И дети поглаживают одеяло, а это значит, что они скоро уснут. Адам почти уже совсем спит, а Отка только начинает дремать. Её гложет одна забота. Может, и зря, но всё-таки гложет.
— Адам?
— Чего тебе?
— Ты думаешь, Владя будет больше, чем наш Яхимек?
— Как же он может быть больше, когда он ещё не родился?
— А может, будет лучше нашего Яхимки?
— Ну, скажешь тоже! — рассердился Адам и даже приподнял голову. — Разве может быть кто-нибудь лучше нашего Яхимки?
— Конечно, нет, — вздыхает Отка и засыпает.

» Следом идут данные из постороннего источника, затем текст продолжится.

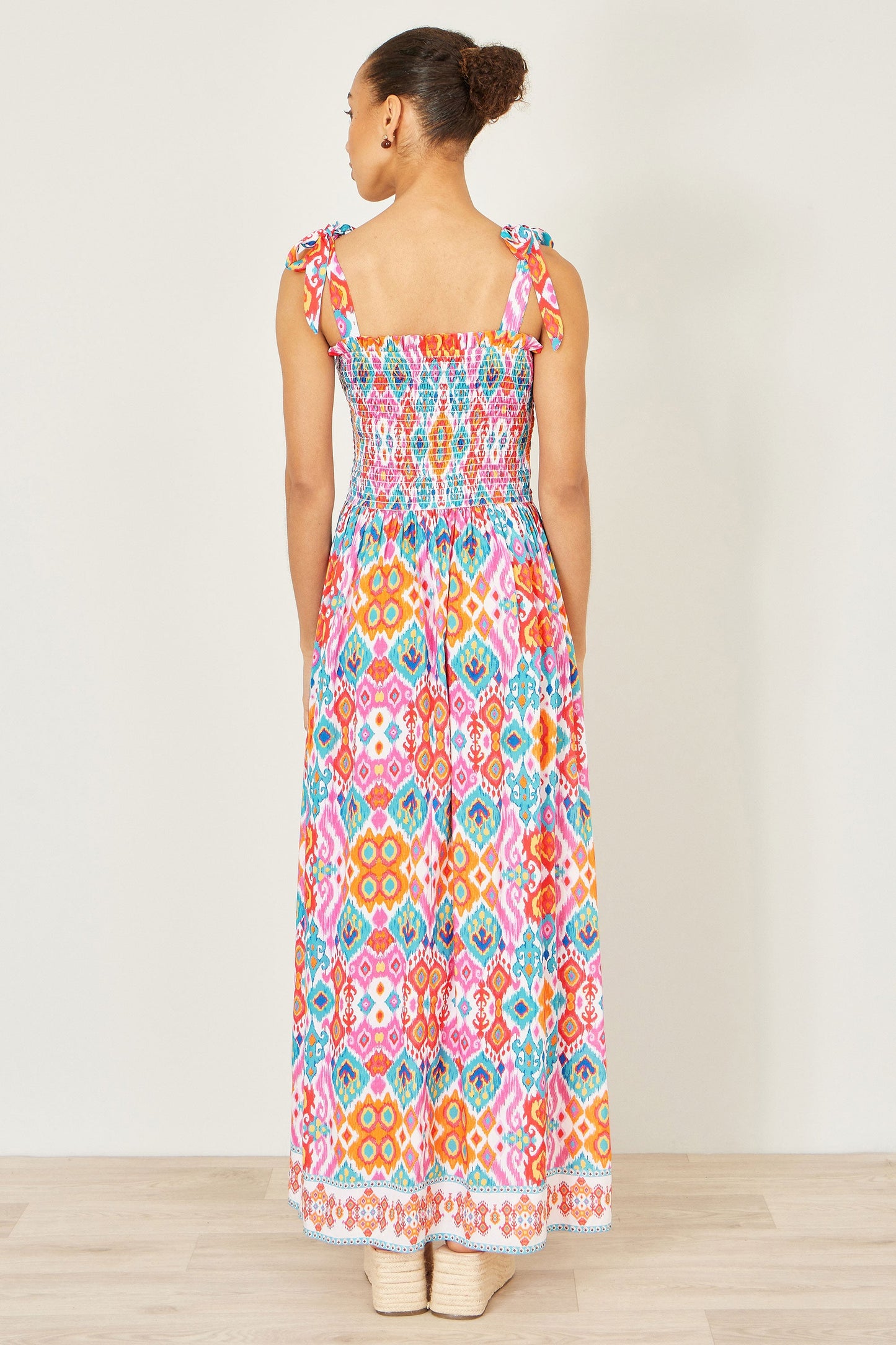 Multicolour Ikat Print Maxi Viscose Sun Dress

Адам думает, а ведь Отка умная девочка, во всяком случае для своих шести лет умная. Ну конечно, с ним, Адамом, ей пока не сравниться. Адам уже знает, как люди на свете живут. Не только дети, но и взрослые. Он всегда представляет себе, что бы сказал или сделал отец или дядя Сук на его месте, и потому он почти не ошибается. Эти мысли успокаивают Адама, он доволен сам собой и наконец засыпает.
27
Утром квартира Суковых выглядит как после землетрясения. Вся одежда на спинках стульев, все шкафы раскрыты, ящики выдвинуты, ковры перевёрнуты, кругом какие-то свёртки с едой и раскрытые чемоданы. Тётка бегает по квартире не останавливаясь, она волнуется, а рядом вышагивает хладнокровный дядя. Оба выглядят совершенно иначе, чем всегда. Отка их буквально не узнаёт. И Адам замечает в них что-то новое, только не знает что. Отке кажется, что тётя помолодела лет на десять. На ней короткая юбка и красивая кофта. Губы накрашены ярче, чем всегда, лицо покрыто кремом, и волосы причёсаны по-модному. И голос у неё стал немножко выше и мягче, как это бывает у молодых людей. Да и дядя тоже переменился, и немало. Он даже сбрил усы. И вообще, побрился так усердно и тщательно, что не видно ни одного волоска. На это обратил внимание и Адам и подумал: к чему бы всё это?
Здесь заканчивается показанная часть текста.